Provided records below:

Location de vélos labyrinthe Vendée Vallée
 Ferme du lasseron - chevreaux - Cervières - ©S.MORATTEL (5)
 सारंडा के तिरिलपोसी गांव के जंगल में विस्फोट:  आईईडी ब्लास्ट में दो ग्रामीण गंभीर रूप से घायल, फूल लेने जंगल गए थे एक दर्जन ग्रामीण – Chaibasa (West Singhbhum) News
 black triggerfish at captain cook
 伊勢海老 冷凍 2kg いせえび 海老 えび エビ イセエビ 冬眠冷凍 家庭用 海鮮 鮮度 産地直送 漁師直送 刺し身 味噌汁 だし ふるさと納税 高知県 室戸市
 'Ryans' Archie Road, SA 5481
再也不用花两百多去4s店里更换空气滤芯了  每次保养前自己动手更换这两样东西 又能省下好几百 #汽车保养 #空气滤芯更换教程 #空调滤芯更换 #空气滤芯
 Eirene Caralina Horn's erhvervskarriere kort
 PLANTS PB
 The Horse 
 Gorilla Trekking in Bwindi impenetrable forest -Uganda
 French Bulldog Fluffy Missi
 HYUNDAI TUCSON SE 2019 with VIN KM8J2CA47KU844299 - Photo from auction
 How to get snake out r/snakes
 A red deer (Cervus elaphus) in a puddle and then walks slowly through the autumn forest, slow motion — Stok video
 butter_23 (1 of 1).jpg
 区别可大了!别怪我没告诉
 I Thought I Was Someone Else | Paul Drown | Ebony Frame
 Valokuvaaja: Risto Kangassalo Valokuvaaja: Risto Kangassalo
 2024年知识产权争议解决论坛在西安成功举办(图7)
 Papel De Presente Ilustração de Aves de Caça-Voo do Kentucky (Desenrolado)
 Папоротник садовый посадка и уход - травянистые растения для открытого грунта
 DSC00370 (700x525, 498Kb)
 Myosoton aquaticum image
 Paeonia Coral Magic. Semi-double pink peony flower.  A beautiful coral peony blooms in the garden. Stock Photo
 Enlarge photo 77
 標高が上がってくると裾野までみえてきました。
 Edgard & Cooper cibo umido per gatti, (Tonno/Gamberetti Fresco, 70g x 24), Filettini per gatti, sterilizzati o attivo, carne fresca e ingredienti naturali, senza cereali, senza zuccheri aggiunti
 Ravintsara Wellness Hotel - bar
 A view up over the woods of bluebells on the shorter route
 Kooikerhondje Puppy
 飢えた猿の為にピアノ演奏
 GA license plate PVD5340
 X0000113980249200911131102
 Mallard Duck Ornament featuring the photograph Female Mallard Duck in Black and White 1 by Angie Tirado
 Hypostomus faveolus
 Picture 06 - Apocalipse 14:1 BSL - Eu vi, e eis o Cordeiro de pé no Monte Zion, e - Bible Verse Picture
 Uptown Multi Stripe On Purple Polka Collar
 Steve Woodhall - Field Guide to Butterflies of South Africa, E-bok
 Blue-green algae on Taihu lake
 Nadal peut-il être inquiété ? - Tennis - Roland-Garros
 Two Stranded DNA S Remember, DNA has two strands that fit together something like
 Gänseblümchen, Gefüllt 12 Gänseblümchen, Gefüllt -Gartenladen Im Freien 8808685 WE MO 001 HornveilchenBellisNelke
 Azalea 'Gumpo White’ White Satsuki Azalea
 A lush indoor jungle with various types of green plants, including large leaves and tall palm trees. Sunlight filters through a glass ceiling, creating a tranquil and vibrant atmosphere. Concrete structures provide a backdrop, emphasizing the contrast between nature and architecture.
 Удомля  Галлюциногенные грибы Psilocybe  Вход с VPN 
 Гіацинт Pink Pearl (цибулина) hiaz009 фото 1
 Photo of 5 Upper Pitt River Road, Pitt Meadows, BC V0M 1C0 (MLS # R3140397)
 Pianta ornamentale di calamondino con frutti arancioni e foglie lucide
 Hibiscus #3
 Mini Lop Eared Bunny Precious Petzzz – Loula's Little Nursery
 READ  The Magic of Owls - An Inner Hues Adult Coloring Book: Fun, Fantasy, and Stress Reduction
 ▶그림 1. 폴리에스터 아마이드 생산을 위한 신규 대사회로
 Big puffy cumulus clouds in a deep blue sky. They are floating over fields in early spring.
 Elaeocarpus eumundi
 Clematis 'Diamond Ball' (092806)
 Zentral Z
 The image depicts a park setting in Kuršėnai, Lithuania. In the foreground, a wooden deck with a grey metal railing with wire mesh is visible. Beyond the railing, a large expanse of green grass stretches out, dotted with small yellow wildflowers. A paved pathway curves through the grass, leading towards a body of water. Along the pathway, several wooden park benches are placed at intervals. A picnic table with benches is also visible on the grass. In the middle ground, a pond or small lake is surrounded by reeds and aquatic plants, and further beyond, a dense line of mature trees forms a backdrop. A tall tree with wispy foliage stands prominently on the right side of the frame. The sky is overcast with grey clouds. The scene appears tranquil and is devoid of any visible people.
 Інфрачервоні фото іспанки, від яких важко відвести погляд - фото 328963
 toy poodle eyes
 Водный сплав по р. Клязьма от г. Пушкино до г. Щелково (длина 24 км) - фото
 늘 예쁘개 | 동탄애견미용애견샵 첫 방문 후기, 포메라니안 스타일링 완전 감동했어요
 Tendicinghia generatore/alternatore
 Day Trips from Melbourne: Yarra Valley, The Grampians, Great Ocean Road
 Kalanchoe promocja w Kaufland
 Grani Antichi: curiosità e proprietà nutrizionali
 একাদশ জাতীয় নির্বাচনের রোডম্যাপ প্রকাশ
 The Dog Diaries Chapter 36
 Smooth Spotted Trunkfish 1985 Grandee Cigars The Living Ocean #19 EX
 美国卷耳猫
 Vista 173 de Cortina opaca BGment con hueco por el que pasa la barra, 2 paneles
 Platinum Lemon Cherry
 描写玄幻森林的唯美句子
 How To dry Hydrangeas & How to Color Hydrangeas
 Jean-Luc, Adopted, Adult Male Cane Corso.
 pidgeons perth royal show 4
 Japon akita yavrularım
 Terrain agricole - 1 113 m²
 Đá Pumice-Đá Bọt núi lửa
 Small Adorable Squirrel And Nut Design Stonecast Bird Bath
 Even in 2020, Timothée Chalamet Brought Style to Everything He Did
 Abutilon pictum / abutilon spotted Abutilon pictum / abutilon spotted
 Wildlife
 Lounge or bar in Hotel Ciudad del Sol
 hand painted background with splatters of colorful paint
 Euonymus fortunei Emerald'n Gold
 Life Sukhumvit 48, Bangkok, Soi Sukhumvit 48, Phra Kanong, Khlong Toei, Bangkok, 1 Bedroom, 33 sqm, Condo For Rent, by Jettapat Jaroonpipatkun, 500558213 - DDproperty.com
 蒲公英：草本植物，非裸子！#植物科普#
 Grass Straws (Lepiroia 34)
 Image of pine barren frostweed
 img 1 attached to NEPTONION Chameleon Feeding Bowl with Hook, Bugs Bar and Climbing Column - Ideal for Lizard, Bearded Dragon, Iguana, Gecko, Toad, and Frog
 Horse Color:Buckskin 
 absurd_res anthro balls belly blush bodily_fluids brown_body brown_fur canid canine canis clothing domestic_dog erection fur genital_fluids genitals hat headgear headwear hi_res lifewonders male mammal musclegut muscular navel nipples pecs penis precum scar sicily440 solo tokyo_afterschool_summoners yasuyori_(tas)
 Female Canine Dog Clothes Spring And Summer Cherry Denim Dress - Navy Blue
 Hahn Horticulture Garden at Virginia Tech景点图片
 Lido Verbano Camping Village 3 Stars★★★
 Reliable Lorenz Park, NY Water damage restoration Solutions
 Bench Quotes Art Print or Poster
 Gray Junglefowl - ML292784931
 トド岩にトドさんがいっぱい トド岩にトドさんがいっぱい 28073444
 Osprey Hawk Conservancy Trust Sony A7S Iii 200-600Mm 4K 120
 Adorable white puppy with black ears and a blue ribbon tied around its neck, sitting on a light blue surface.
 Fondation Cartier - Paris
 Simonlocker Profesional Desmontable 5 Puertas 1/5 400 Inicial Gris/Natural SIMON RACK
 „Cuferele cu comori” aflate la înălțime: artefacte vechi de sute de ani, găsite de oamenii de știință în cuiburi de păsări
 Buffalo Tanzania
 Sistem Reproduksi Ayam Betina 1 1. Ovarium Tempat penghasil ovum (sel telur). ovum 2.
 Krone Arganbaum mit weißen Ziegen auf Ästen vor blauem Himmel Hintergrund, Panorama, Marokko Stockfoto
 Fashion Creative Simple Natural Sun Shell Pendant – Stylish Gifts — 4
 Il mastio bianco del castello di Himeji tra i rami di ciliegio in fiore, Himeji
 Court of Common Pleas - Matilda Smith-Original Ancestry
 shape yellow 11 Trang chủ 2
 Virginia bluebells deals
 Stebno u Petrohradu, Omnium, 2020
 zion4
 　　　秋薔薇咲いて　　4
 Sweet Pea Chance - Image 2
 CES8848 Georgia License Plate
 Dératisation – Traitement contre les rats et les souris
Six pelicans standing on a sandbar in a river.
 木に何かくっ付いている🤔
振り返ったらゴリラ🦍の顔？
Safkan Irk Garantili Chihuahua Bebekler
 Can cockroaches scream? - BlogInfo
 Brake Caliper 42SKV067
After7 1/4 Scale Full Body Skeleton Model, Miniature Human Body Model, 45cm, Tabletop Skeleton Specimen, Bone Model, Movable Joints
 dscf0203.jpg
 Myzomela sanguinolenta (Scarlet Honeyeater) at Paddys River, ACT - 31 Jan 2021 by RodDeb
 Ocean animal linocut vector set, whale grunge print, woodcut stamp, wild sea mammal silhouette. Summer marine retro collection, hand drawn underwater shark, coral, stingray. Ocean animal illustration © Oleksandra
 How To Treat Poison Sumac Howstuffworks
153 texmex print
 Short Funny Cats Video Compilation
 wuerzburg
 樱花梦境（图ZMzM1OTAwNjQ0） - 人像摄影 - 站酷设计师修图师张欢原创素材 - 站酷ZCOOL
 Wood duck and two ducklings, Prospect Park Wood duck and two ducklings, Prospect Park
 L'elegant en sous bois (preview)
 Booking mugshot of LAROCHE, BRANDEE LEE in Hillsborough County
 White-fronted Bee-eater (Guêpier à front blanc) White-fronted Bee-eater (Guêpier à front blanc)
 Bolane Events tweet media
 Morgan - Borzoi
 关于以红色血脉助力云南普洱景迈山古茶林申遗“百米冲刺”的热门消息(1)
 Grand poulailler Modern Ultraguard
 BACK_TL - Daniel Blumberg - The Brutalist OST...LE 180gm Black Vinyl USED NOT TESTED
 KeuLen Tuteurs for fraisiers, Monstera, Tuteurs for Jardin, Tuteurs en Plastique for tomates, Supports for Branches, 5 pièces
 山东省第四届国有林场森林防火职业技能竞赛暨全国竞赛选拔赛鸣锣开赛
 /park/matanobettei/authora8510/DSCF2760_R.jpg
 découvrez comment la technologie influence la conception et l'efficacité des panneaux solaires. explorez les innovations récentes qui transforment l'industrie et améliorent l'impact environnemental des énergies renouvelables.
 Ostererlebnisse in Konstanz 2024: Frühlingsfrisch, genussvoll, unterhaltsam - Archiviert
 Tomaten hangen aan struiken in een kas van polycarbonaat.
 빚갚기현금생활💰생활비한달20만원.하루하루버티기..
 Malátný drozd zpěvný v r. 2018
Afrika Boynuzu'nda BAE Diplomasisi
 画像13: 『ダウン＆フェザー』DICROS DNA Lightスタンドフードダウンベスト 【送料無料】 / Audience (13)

End of Provided records.

Required action
Include the first line, the line containing "Papel De Presente", and every line between them, copied exactly from the material above; output no other line.

Solution to this task
Location de vélos labyrinthe Vendée Vallée
 Ferme du lasseron - chevreaux - Cervières - ©S.MORATTEL (5)
 सारंडा के तिरिलपोसी गांव के जंगल में विस्फोट:  आईईडी ब्लास्ट में दो ग्रामीण गंभीर रूप से घायल, फूल लेने जंगल गए थे एक दर्जन ग्रामीण – Chaibasa (West Singhbhum) News
 black triggerfish at captain cook
 伊勢海老 冷凍 2kg いせえび 海老 えび エビ イセエビ 冬眠冷凍 家庭用 海鮮 鮮度 産地直送 漁師直送 刺し身 味噌汁 だし ふるさと納税 高知県 室戸市
 'Ryans' Archie Road, SA 5481
再也不用花两百多去4s店里更换空气滤芯了  每次保养前自己动手更换这两样东西 又能省下好几百 #汽车保养 #空气滤芯更换教程 #空调滤芯更换 #空气滤芯
 Eirene Caralina Horn's erhvervskarriere kort
 PLANTS PB
 The Horse 
 Gorilla Trekking in Bwindi impenetrable forest -Uganda
 French Bulldog Fluffy Missi
 HYUNDAI TUCSON SE 2019 with VIN KM8J2CA47KU844299 - Photo from auction
 How to get snake out r/snakes
 A red deer (Cervus elaphus) in a puddle and then walks slowly through the autumn forest, slow motion — Stok video
 butter_23 (1 of 1).jpg
 区别可大了!别怪我没告诉
 I Thought I Was Someone Else | Paul Drown | Ebony Frame
 Valokuvaaja: Risto Kangassalo Valokuvaaja: Risto Kangassalo
 2024年知识产权争议解决论坛在西安成功举办(图7)
 Papel De Presente Ilustração de Aves de Caça-Voo do Kentucky (Desenrolado)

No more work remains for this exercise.